A measurement of the differential cross section for elastic scattering of 14 MeV neutrons in niobium.

Abstract

The differential elastic scattering cross section of niobium was measured for 16 angles in the range of $16\sp\circ$-$160\sp\circ$ at incident neutron energies between 14.75 MeV (at $16\sp\circ )$ and 13.48 MeV (at $160\sp\circ )$ using the time-of-flight technique. The measurements were performed in a low background environment using a ring geometry. Nanosecond pulses of D-T neutrons with average intensities of 4-5 $\times$ $10\sp7$ n/s/sr were produced by a 150 kV Cockroft-Walton linear accelerator. Scattered neutrons were detected by a heavily shielded, high resolution, large volume liquid scintillator (NE 213). The operational characteristics of the various components of the time-of-flight system were determined in a series of independent tests and preliminary time-of-flight measurements with direct source neutrons and neutrons scattered by a carbon ring sample. The relative efficiency of the detector as a function of energy was measured using a time-of-flight technique with a $\rm\sp{252}Cf$ source, while absolute values were provided by Monte Carlo calculations.

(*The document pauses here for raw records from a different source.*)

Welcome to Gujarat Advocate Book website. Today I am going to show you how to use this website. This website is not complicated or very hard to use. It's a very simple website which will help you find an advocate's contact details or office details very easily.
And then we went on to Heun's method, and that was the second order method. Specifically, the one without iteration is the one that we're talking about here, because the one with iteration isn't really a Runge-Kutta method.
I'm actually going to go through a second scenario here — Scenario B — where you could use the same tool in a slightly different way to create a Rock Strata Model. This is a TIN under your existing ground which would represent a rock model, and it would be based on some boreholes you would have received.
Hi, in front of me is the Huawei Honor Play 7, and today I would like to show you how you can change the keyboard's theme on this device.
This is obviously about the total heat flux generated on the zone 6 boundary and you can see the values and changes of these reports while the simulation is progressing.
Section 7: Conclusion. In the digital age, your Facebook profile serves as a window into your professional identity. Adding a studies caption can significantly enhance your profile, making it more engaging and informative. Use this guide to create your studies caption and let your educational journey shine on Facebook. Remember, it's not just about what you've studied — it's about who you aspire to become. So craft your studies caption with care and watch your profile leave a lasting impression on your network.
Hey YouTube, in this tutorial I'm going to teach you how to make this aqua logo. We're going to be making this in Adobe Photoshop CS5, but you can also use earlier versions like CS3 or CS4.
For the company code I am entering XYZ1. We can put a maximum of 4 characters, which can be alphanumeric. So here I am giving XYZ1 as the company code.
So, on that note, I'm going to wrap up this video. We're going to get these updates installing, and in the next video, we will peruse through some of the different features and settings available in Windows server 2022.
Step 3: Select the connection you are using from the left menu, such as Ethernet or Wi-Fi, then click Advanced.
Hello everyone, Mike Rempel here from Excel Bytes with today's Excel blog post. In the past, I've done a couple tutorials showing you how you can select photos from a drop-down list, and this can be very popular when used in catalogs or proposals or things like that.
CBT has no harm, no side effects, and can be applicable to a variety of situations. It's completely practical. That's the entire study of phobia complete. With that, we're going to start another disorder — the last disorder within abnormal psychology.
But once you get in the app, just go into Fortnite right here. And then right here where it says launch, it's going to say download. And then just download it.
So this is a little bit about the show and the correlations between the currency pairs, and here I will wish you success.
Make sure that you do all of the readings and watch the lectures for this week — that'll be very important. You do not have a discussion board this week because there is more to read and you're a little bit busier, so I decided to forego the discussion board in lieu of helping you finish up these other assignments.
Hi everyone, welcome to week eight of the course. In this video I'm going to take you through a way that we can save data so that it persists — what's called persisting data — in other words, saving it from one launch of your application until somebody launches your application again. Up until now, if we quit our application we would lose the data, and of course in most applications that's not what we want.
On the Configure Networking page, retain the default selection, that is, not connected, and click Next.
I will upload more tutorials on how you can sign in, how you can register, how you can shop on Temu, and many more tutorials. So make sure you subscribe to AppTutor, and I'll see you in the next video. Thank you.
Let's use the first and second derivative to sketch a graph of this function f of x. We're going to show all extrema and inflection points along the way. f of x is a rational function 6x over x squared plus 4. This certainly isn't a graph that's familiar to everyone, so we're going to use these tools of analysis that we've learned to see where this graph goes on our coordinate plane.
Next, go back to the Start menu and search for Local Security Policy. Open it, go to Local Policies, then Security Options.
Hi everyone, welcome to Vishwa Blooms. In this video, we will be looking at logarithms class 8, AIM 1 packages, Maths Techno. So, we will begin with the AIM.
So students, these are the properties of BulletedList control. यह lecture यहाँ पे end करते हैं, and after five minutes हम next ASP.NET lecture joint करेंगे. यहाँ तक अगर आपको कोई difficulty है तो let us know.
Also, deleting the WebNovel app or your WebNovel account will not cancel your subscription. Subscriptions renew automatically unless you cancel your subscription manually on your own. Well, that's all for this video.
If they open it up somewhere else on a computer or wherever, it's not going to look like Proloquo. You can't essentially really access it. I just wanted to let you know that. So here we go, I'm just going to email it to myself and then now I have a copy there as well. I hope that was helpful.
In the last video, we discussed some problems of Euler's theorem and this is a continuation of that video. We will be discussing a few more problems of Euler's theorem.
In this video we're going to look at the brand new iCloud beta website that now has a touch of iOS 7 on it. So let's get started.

The neutron pulse width and current were monitored by a secondary time-of-flight system and a $\rm BF\sb3$ long counter. Aluminum activation disks were used to determine the integrated neutron flux. The activity of the disks was measured with a standard gamma spectroscopy system based on a high purity germanium detector. The differential cross section was calculated in the laboratory and center-of-mass systems from the area of the elastic scattering peak in the time-of-flight spectra after the necessary corrections (background, multiple scattering etc.) were applied. The overall uncertainty in the final results was in the range of 7-10% with some higher values observed around the minima of the angular distribution. The measured differential cross sections were compared with previous experimental data and calculated values in three major databases (ENDF-VI/B, JEF-2, and JENDL-3). A generally good agreement was found between the present measurements, the previous experimental data and the values in the ENDF-VI/B database, while the values from the JEF-2 and JENDL-3 databases appear to overestimate the differential cross section for large scattering angles.